Some of these questions can be at least partially answered by combing the interwebs, looking over the respective project sites, etc. Yet that's not quite the same thing as having community players in the same room, talking about stuff.
Of the three projects mentioned, Cassandra clearly has the "momentum" (a highly accurate indicator of future dominance). To me, this felt like the case even before Twitter started getting involved with it, but the Twitter effect was pretty evident based on the number of people sticking around for the Cassandra break-out session with Jonathan Ellis, compared to the break-out session given by Alex Feinberg for Voldemort (both of whom were very kind and thoughtful in answering my stream of irritating questions over lunch).
Regrettably, the break-out sessions were scheduled such that one had to choose between the Riak session and the Voldemort session; having already gone through the effort of setting up a small Riak cluster, manipulating data therein, etc., I felt there was more to be gained by attending the Voldemort session. Consequently, it's possible some of my take-aways from the conference are not entirely fair. Additionally, it seems strange to me that in the big room, Riak's representation was purely on the panel to discuss schema design in document-oriented databases; Riak had no representation on the panels related to scaling, operations, etc., despite that being a major focus of the project.
Most of what I learned had to do with nit-picky technical details, changes in upcoming versions, etc. Probably all of it was already documented. But, anyway, here are my takeaways on this topic, which may have been learned at the conference, or simply confirmed or reinforced by the conference. Random thoughts mixed in. Schema-less design.
- The simplicity of the pure key/value store (Voldemort and Riak are more like this) brings flexibility in what you represent; having a somewhat more structured data model with which to work (as in Cassandra) can add some complexity to how you design your data, but brings improved flexibility in how you can navigate that data.
- By digging around the web, one might get the impression that Cassandra has the broadest range of interesting deployments, Voldemort has fewer but is still interesting (Linkedin is certainly no slouch), and Riak has nothing to point to outside Basho Technologies' non-free Enterprise variant. By attending a conference in which each project was represented, one might get exactly the same impression. Brian Fink (for Riak) spoke of usage scenarios and was obviously informed by production experience with Riak, yet no actual use case, company, site, etc. was ever mentioned (again, the break-out session may contradict this).

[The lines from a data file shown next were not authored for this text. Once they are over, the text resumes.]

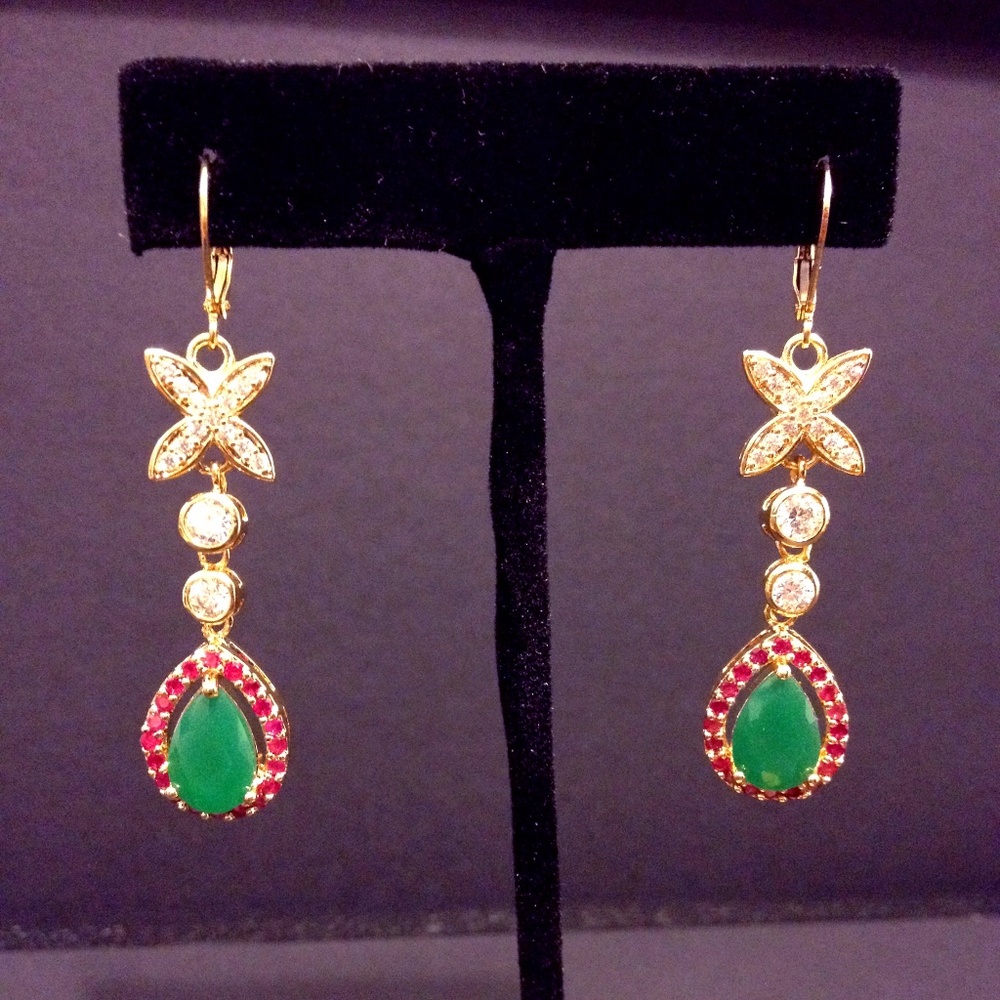 Vintage Floral Teardrop Earrings *2 Colors Avail*
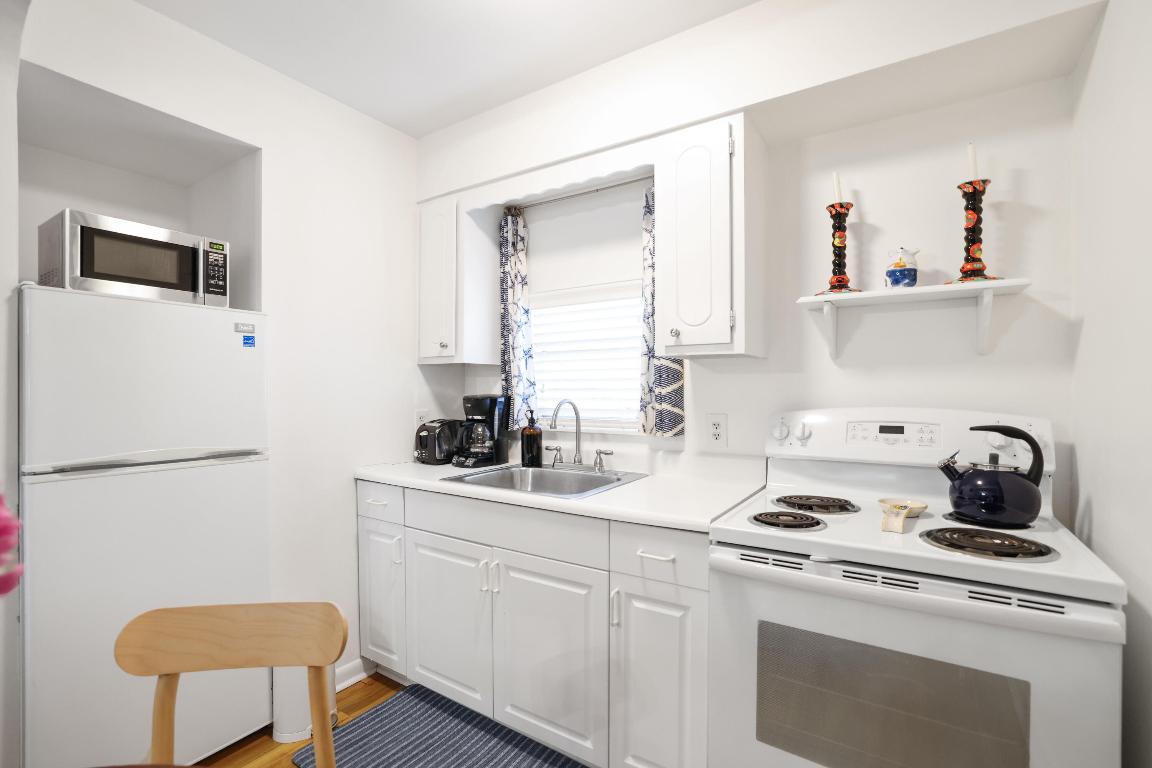 SOUTHLAND PARK - Residential Lease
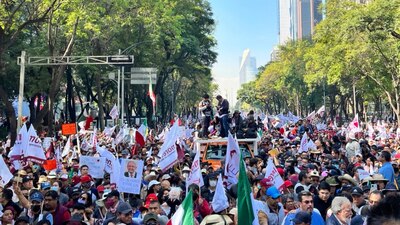 El mandatario marcha este domingo del Ángel de la Independencia al Zocalo.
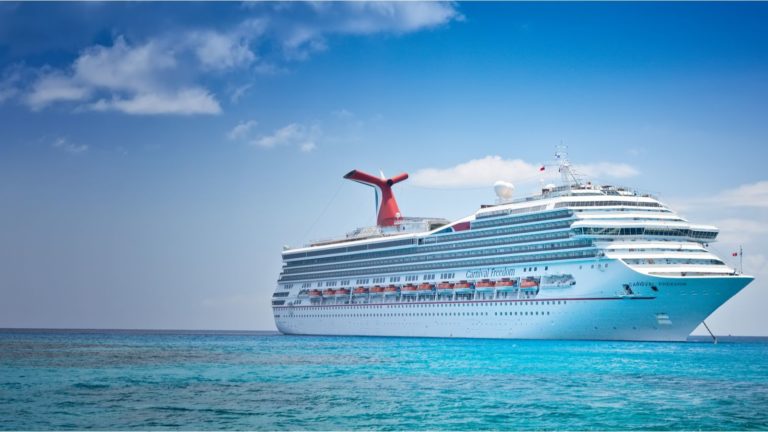 CCL stock - Debt and Economy Loom Over Carnival Cruise Lines
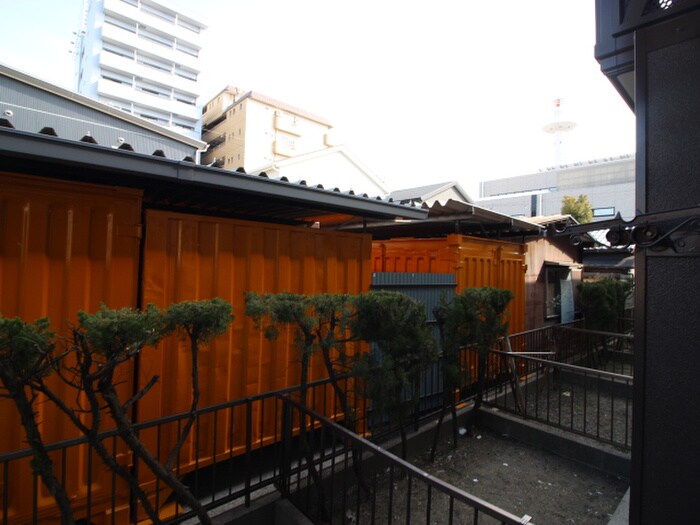 物件内観写真18　(室内からの展望)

- The Voldemort and Cassandra project teams are clearly paying attention to each other's work, at least to some degree. There was even some informal discussion of the merkle tree design in Cassandra potentially making its way into Voldemort. Both Alex and Jonathan had intelligent things to say about Riak, as well, when I pestered them about it.
- Having Ryan King from Twitter present on the "scaling with NoSQL" panel representing Cassandra was cool, and it offered confirmation that Cassandra in particular, but probably the Dynamo model as a whole, achieves its basic purpose: machines can fail but service is maintained and state is preserved; your structured storage system can scale horizontally, can scale writes, etc. Now, all that said, I wish there had been more detail available. Furthermore, Ryan King (understandably) did not seem particularly well-versed in other production deployments (like Digg's, for instance), so the "scaling with NoSQL" Cassandra representation disproportionately focused on exactly one use case.
- A lot of good stuff is coming in Cassandra in particular. Eliminating the need for a particular row to fit in memory will make the data model more flexible, particularly in how one designs secondary indexes (in which one needs millions or potentially billions of columns, which are auto-sorted at write time by Cassandra, to effectively form an index using the column names as the indexed value and the related key as the value). The (relatively recent) support added for Hadoop map/reduce expands the use case scenarios for the database. Jonathan Ellis spoke of potentially adding native secondary index support, which would certainly be helpful.
- We're only at the beginning, here. The share-nothing design of the Dynamo model is a great foundation on which to work. The production experience of early adopters brings valuable knowledge that is rapidly improving the various solutions (as one would expect). As patterns like the secondary index emerge, those patterns can be integrated into the main projects over time.
- With that in mind, as higher-level abstractions build up over time, it wouldn't surprise me if the space comes to a place in which people write fairly flexible queries that describe the sets they want. In which case, the risk and uncertainty one may feel in contemplating the use of these solutions will probably go down. Additionally, the "NoSQL" name will seem even sillier than it already does.